EXERCISE >> Make an exact copy of all the data, pictures excluded.

DATASET EXTRACT >>
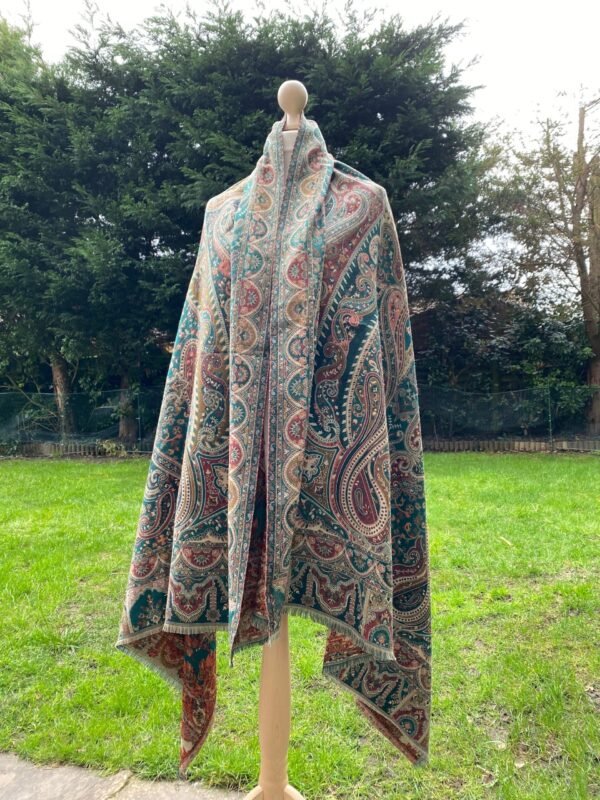 Kalamkari Kani Shawl Intricate Paisley Persian Woven Pattern Luxury Wool - Image 3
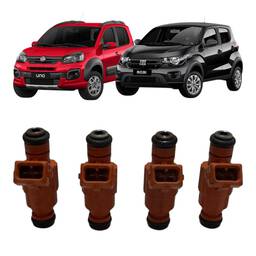 4 Bico Injetor Mobi Uno 1.0 8v Evo Flex 2017 a 2025 55258534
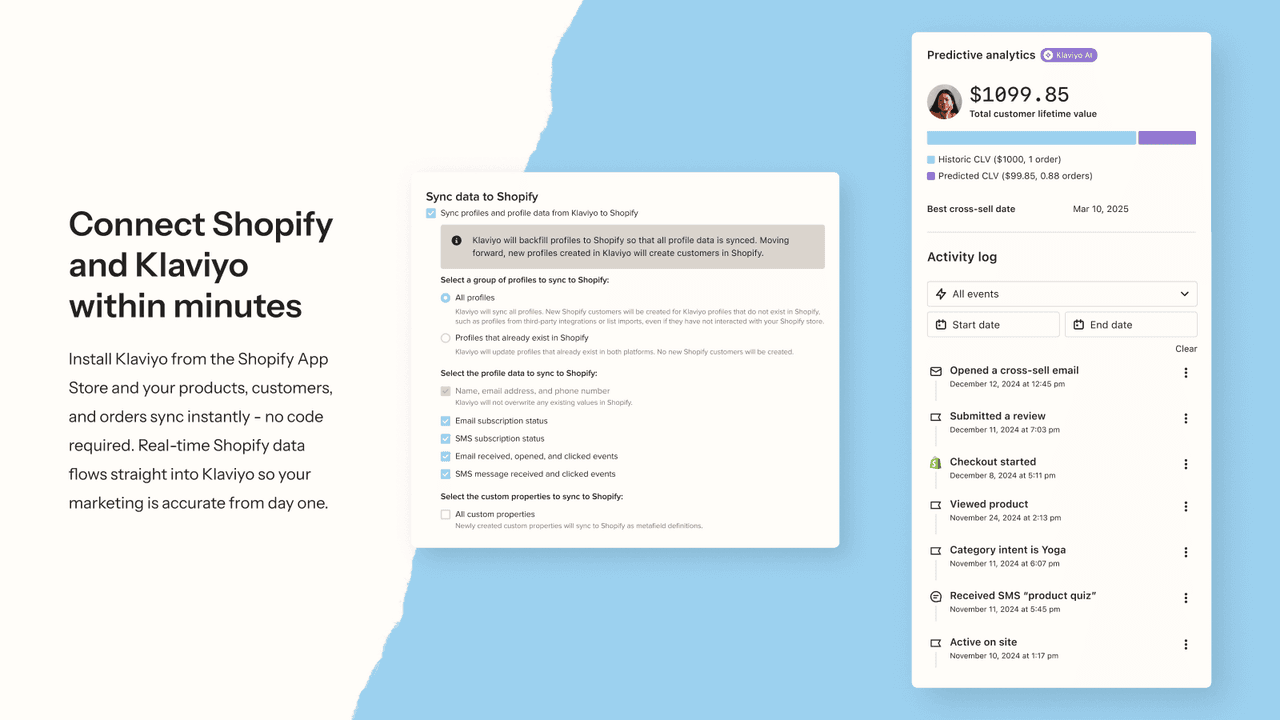Klaviyo email marketing flows and customer segmentation dashboard.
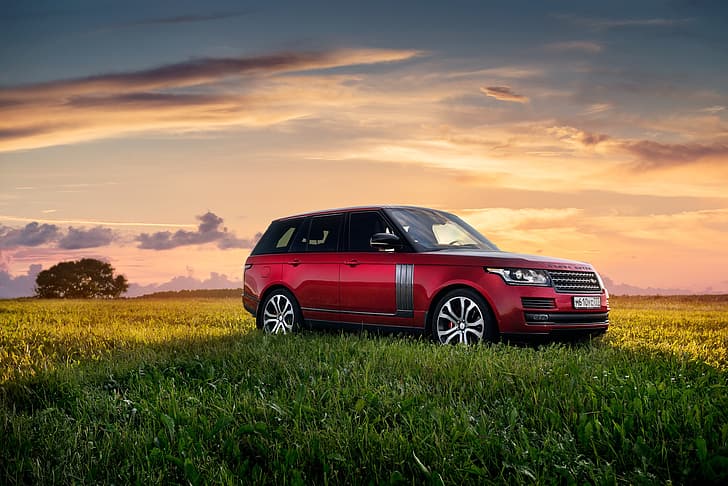 field, the sky, nature, Autobiography Dynamic, Range Rover SV, HD wallpaper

WRITTEN RESPONSE >>
 Kalamkari Kani Shawl Intricate Paisley Persian Woven Pattern Luxury Wool - Image 3
 4 Bico Injetor Mobi Uno 1.0 8v Evo Flex 2017 a 2025 55258534
Klaviyo email marketing flows and customer segmentation dashboard.
 field, the sky, nature, Autobiography Dynamic, Range Rover SV, HD wallpaper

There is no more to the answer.